Data for analysis:
-- Opening Marker --

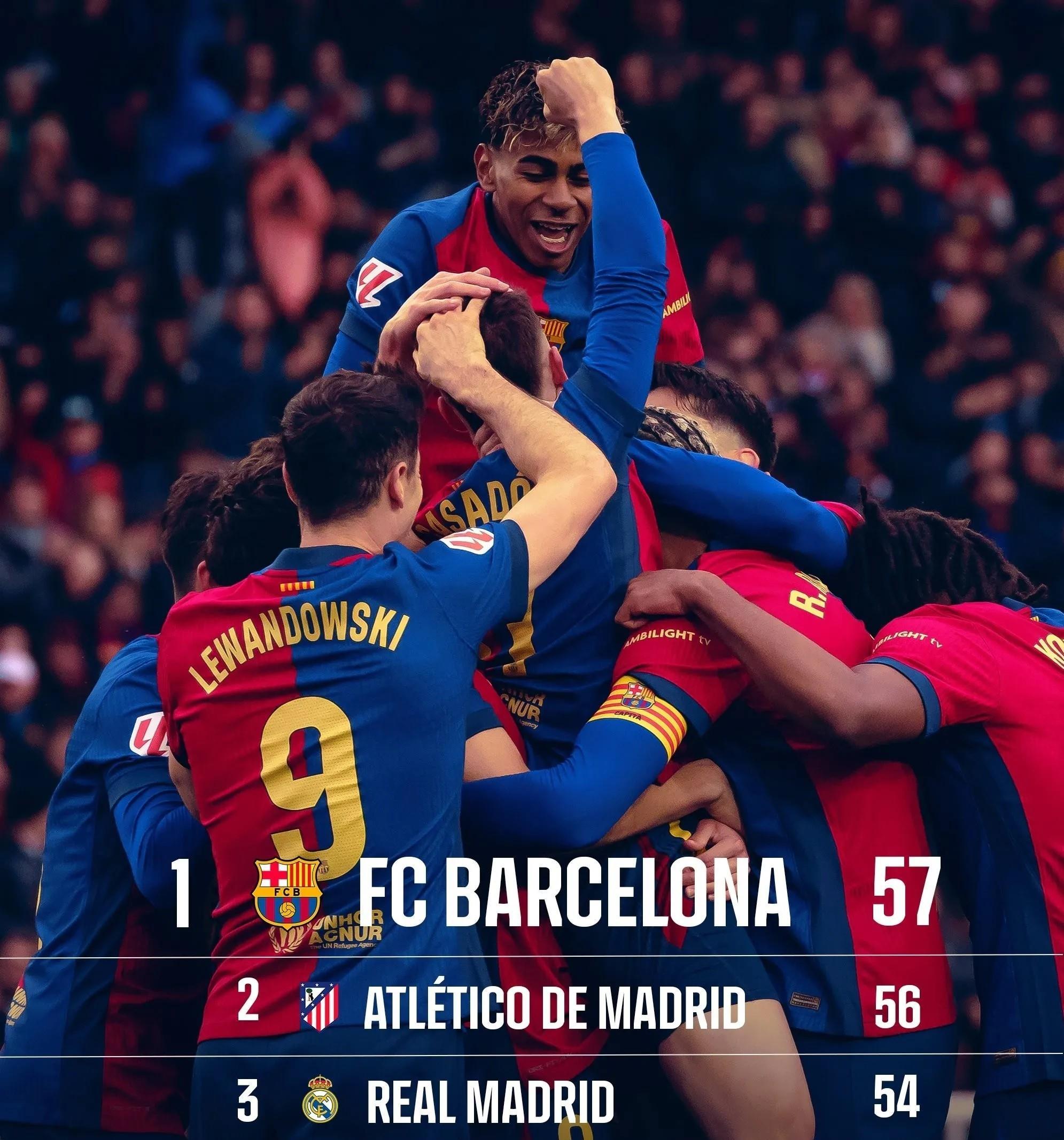 爱游戏推荐2025罗马今晚复出首秀；志在葡超名次提升；压力陡增；球队文化再被提及的简单介绍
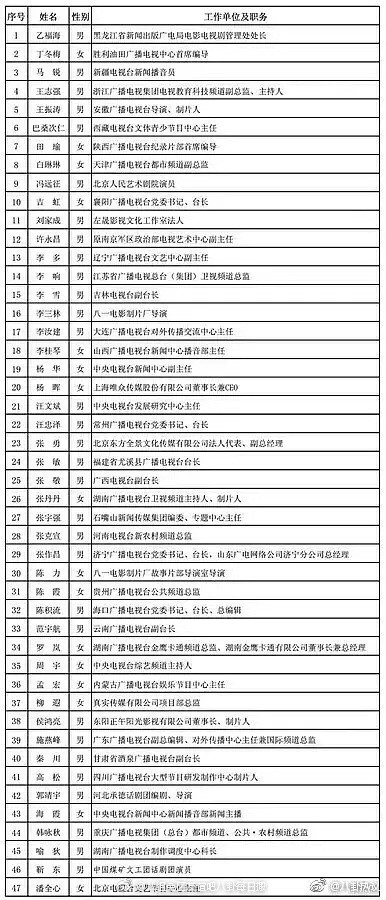 47人完整公示名单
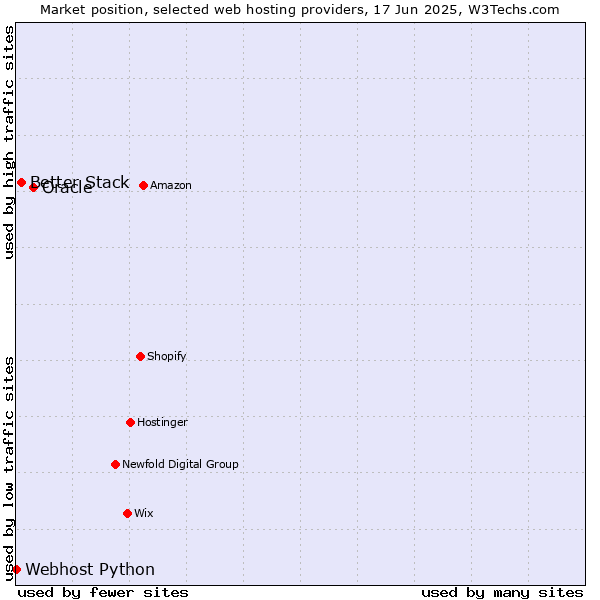 Market position of Oracle vs. Better Stack vs. Webhost Python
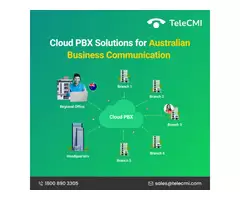 Cloud PBX Solutions for Australian Business Communication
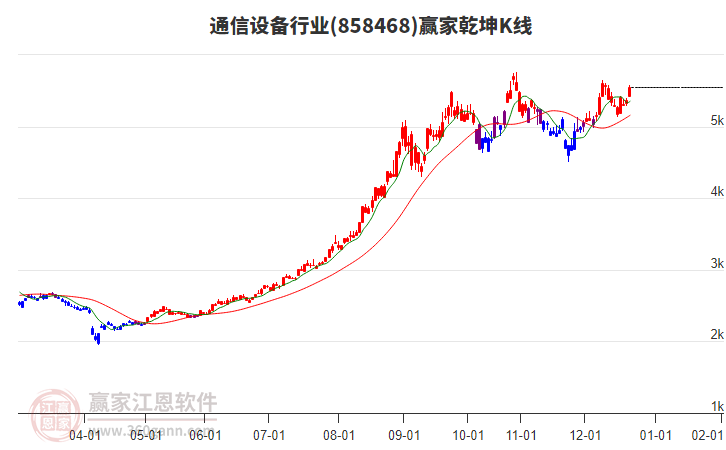 858468通信設備贏家乾坤K線工具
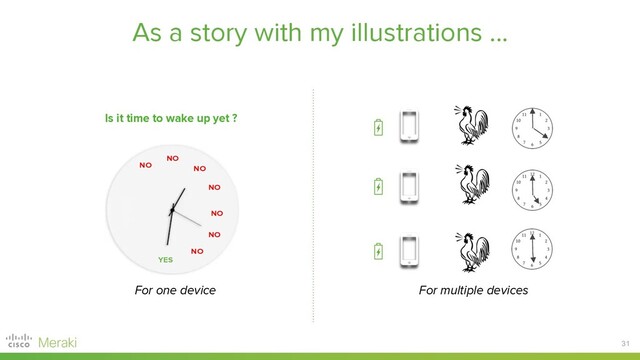 31
As a story with my illustrations ...
Is it time to wake up yet ?
NO
NO
NO
NO
NO
NO
YES
NO
For one device For multiple devices
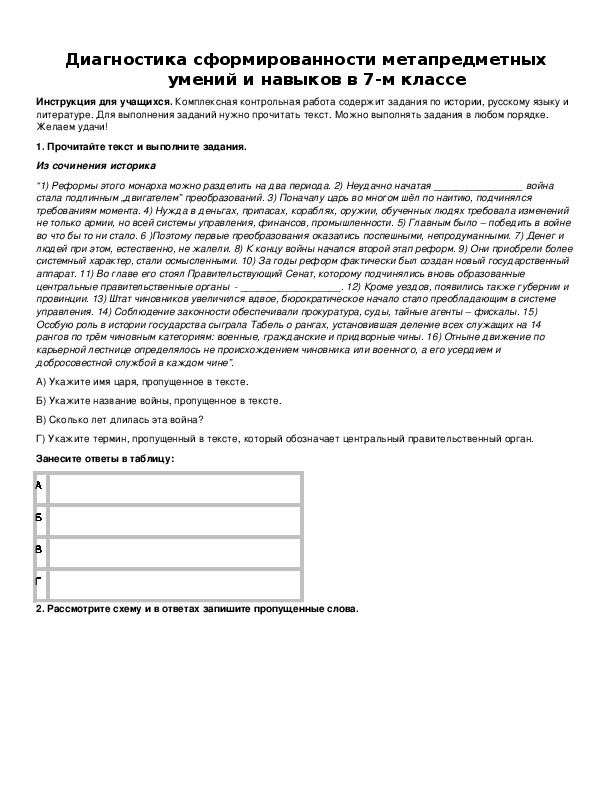 Обложка для материала Диагностика сформированности метапредметных умений и навыков в 7-м классе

-- Closing Marker --

Could you copy every record above exactly, leaving out the pictures?

Task response:
 爱游戏推荐2025罗马今晚复出首秀；志在葡超名次提升；压力陡增；球队文化再被提及的简单介绍
 47人完整公示名单
 Market position of Oracle vs. Better Stack vs. Webhost Python
 Cloud PBX Solutions for Australian Business Communication
 858468通信設備贏家乾坤K線工具
 31
As a story with my illustrations ...
Is it time to wake up yet ?
NO
NO
NO
NO
NO
NO
YES
NO
For one device For multiple devices
 Обложка для материала Диагностика сформированности метапредметных умений и навыков в 7-м классе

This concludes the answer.